Being away from the garden at any time during spring, summer and fall is difficult. It is never far from the edge of thought, no matter how much fun is being had while on a trip filled with such enjoyable pastimes. The weather was chilly when we left home with warm clothes and furry booties needed. The return temperature was a balmy 93F. Things always happen in the garden during our absence. Long awaited flowers bloom and are finished, totally missed by the camera lens. The early daffodils are done, scorched into history by those high temps. But the hellebores and later daffs are playing their roles, and the trees are just in the very beginning stages of leafing out. Spring was not missed entirely, only the opening act.

Back on the road, A large estate garden, open to the public was on the itinerary. Alone this time, the paths were wandered with cameras in tow.

These beautiful yellow flowered trees were noticed in many commercial areas. None were as large as the specimens in this setting, the Harry P. Leu Gardens. There was no sign identifying them. Does anyone know the name? Added: Many thanks to the alert and early bird Lotusleaf of Garden Tropics for giving the correct ID on this tree, Tabebuia chrysotricha, Golden Trumpet Tree.

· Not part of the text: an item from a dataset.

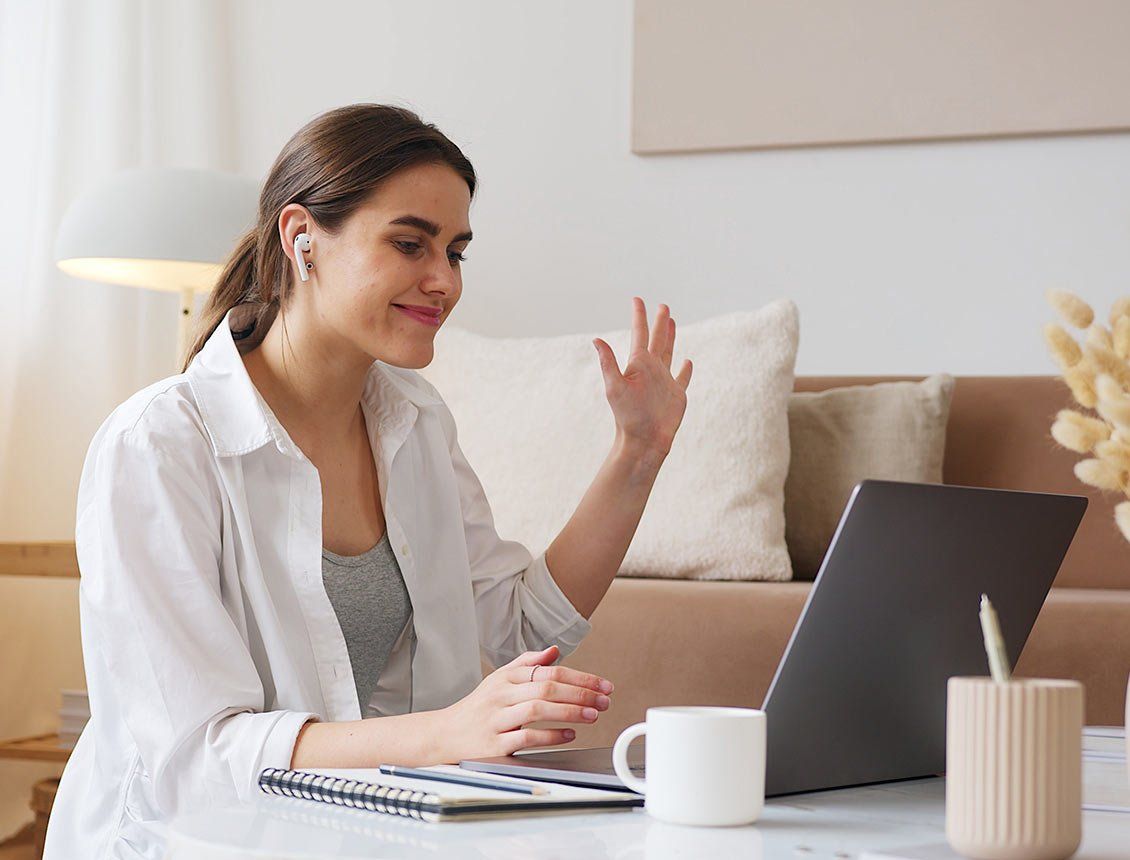 Image of woman slightly smiling and looking into laptop raising her hand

This garden was about the trees, and magnificent they were. A lineup of Camphor trees, signage included, was breathtaking. Each trunk was festooned with resurrection ferns and bromeliads, adding to the pleaure of gazing upon their girth.

The eptiome of the south eastern US is a Live Oak tree, Quercus virginiana dripping with spanish moss. This is not a true moss at all, but rather a bromeliad, Tillandsia usneiodes, that favors these branches from which to view the world.

Back home is the most wonderful place in the world to be. There is a whole season of delight just around the corner. The steady stream of blooming has begun in earnest. The primrose path has opened for business. The weeds have been very opportunistic, but will soon be covered by the emerging foliage of perennials and shrubs. It is too late to pull them, the seed has been set and flung. Better luck next year for catching them before that happens. What is done, is done. Now we will sit back and enjoy the show. The Think sign is another Blodgett purchase, handily the stake could be taken apart for vehicular safety. Click here to see the best video I could find of the incomparable Aretha in the Blues Brothers movie singing about my new sign.

Maybe this will help identify our vacation spot.

Please join The Financier and LTB in waving bye bye to the wonderful World of Disney, Orlando, Florida style and say hello to spring.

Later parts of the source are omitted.